7.8.09

Não me quiseram na tropa!


Não sei se esta é das maiores frustrações que carrego: ter entrado para a lista da "reserva territorial", ter sido dispensado de fazer o serviço militar. Que, naquela altura, era obrigatório. Com uma saúde invejável e sem ter mobilizado uma "cunha" que fosse (naqueles tempos eram determinantes para quem se queria safar da tropa) e nem assim consegui entrar para o exército e cumprir o – dizia-se então – tirocínio da idade adulta que o era para macho que se gabasse de o ser.

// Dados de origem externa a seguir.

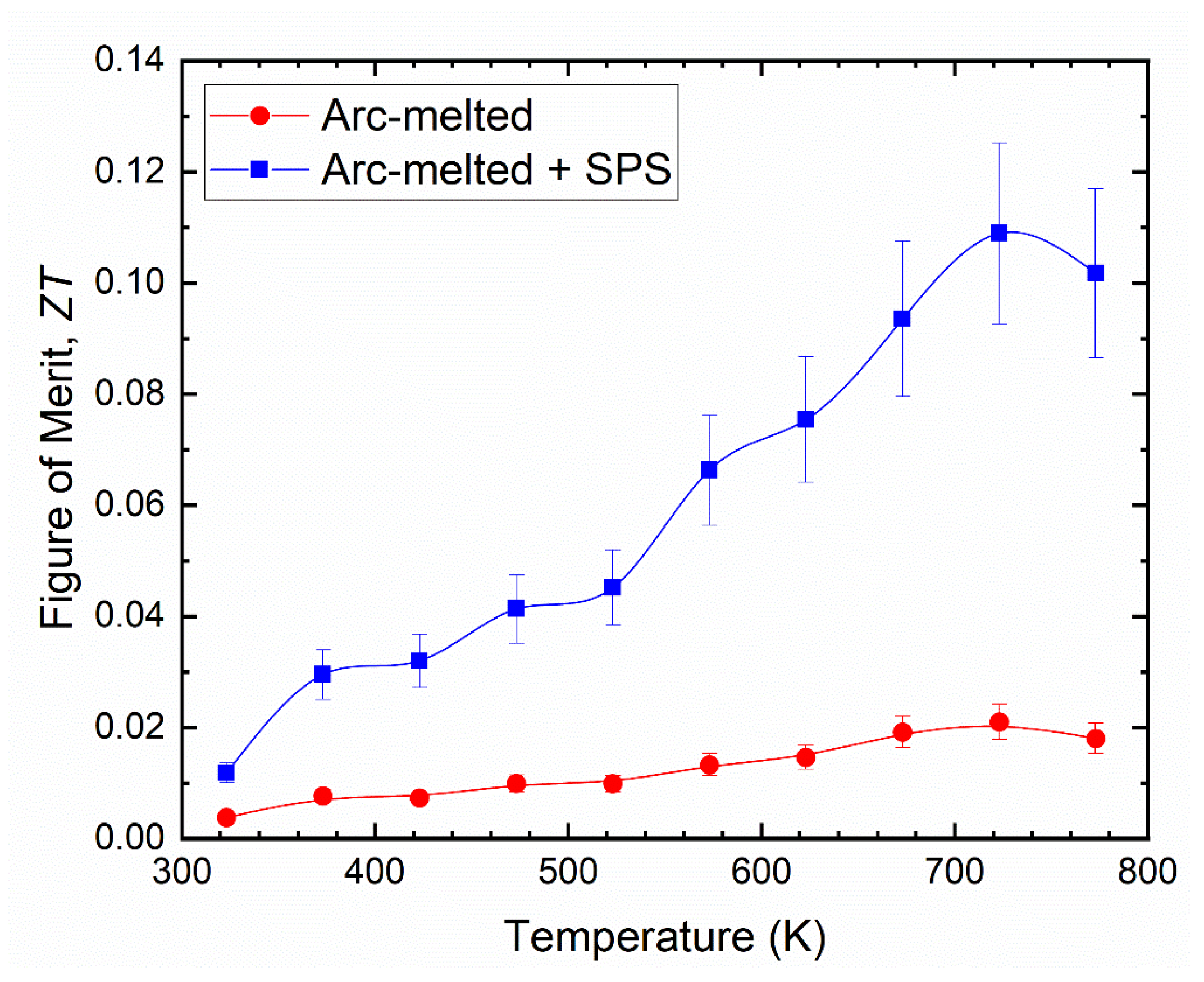 Crystals 13 00049 g010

A voz popular nas casernas assegurava que um homem só se fazia plenamente homem se cumprisse três desígnios: ter um filho, escrever um livro e plantar uma árvore. Como isto era sentenciado dentro dos quartéis, fazia sentido adicionar o preceito de todos os preceitos, o quarto desígnio: ir à tropa. Chegou-me aos ouvidos, através de amigos que tiveram a honraria de frequentar quartéis durante alguns meses, que os militares se consideravam instrutores das almas que lhes apareciam na recruta. Treinavam os tenrinhos para se despedirem do imberbe estado em que se encontravam. Era tudo rigores? As palavras de ordem eram ásperas? Um homem que se preze não se incomoda com detalhes desses. Tinham que perceber, os recrutas tão verdinhos, que a equação embrutecida era função de um digno objectivo: fazer deles homens sem rebuço. A barba rija ganhava-se dentro dos quartéis.

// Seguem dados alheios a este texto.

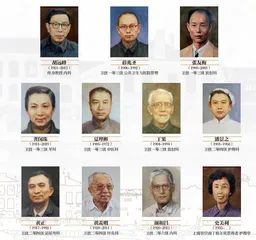 三易其址，四更院名160岁的市一为民初心不改1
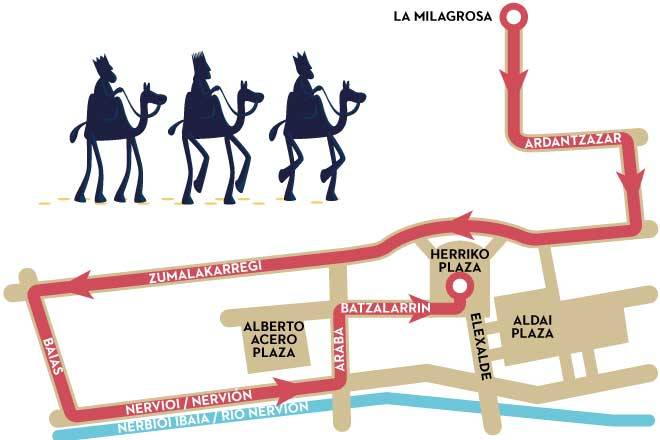 Errege Magoen Kabalgata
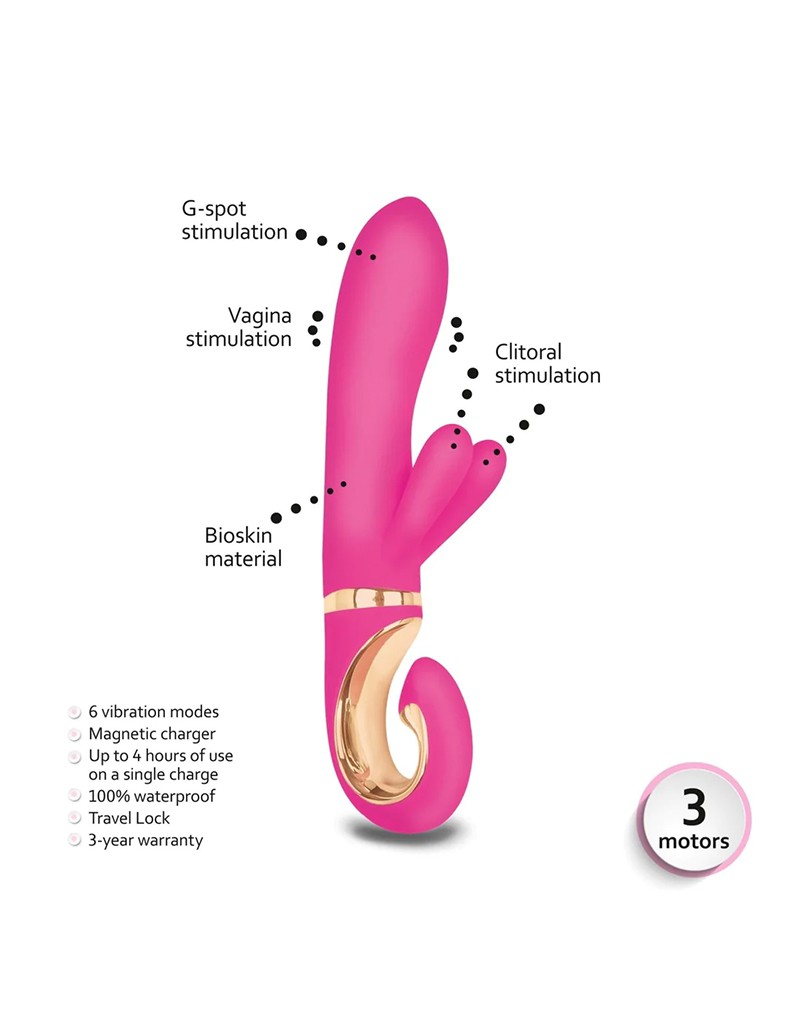 Gvibe - GRabbit Mini - Rabbit Vibrator - Roze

Ter ficado à porta da tropa, ainda por cima quando estava quase a completar vinte e cinco anos, foi uma decepção insuportável. A lei deixava que por causa dos estudos fosse adiando a incorporação. Fazia sentido: a contragosto do pessoal das casernas (adivinho), a formação académica tinha precedência sobre a formação militar. Com aquela idade terminaram os pretextos para cumprir o honroso serviço militar obrigatório. O dever da pátria chamava-me. Mentalizara-me que era a idade certa para fazer uma interrupção na vida profissional (que estava a começar) para satisfazer os deveres com o exército – e com a valorosa nação através do exército.

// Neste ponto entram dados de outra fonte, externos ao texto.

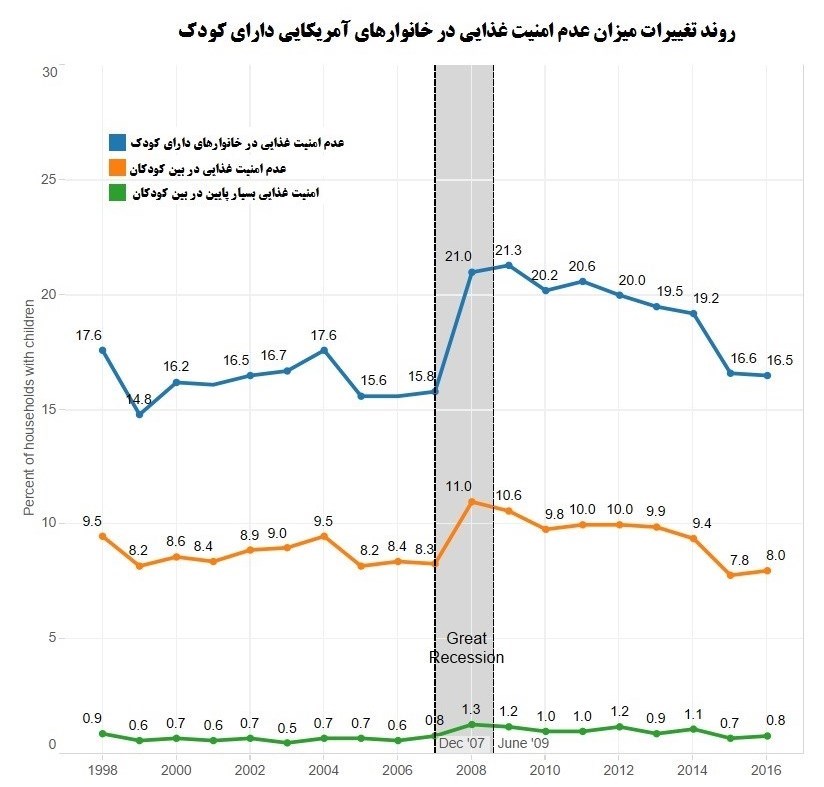 آمارهای رسمی از ۴۱میلیون شهروند گرسنه در آمریکا + نقشه و نمودار آمارهای رسمی از ۴۱میلیون شهروند گرسنه در آمریکا + نقشه و نمودار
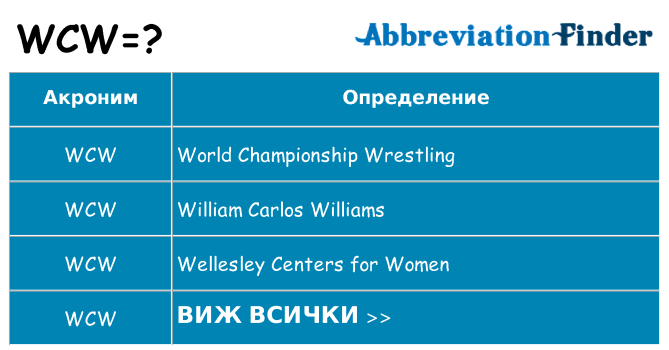 Какво прави wcw престои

Já tinha interiorizado esta obrigação. Estava ansioso por ser deslocado para seiscentos quilómetros de casa, no quartel de Tavira, onde gente com as minhas qualificações servia o exército no seu necessário treino militar. Estava ansioso por me fazer homem, por fim. É que já tinha vinte e cinco anos e sentia que faltava algo para realizar a masculinidade. Faltava gastar quatro meses da vida, ali já nos interstícios entre os vinte e os trinta anos, a receber a instrução militar que por fim me faria homem pleno. Estava em pulgas: para pegar numa arma pela primeira vez e disparar umas balas no vazio (ou num imaginário inimigo inventado pelas patentes em treino militar). Sonhava com o prazer de carregar a pesada metralhadora G3, orgulhosamente senti-la como herança dos antepassados que a carregaram na guerra colonial – outro emblema do brio pátrio. Queria tanto aprender as técnicas e tácticas que se ensinam nos laboratórios das casernas, pois era meu dever estar preparado para defender a pátria caso a pátria fosse mergulhada numa guerra que ameaçasse a sua existência.


Aquele dia próximo do Natal em que fui consultar os editais com os resultados da incorporação foi um duro golpe na auto-estima. As folhas afixadas mostravam os nomes dos mancebos por ordem alfabética. À frente de cada nome, o quartel e a data em que eram esperados sob pena de crime de desobediência. À frente de alguns dos nomes aparecia a menção "reserva territorial". A estes tinha sido perdoado o serviço militar obrigatório.


Ver o meu nome nesta listagem foi penoso. Um sentimento de exclusão varreu-me pelo interior, foi o terramoto devastador de mim mesmo. E se àqueles que foram incorporados a deserção era crime de desobediência qualificada, que dá lugar a prisão e tudo, interroguei-me: e se aparecesse à porta do quartel e forçasse a entrada, também corria o risco de levar um processo por desobediência qualificada? E agora que não me quiseram na tropa? O que seria da minha masculinidade – ficaria pela metade? E se algum dia a ditosa pátria fosse invadida – ou, hipótese ainda mais improvável, invadisse outra terra – como podia dar um contributo se não tive o privilégio do tirocínio militar?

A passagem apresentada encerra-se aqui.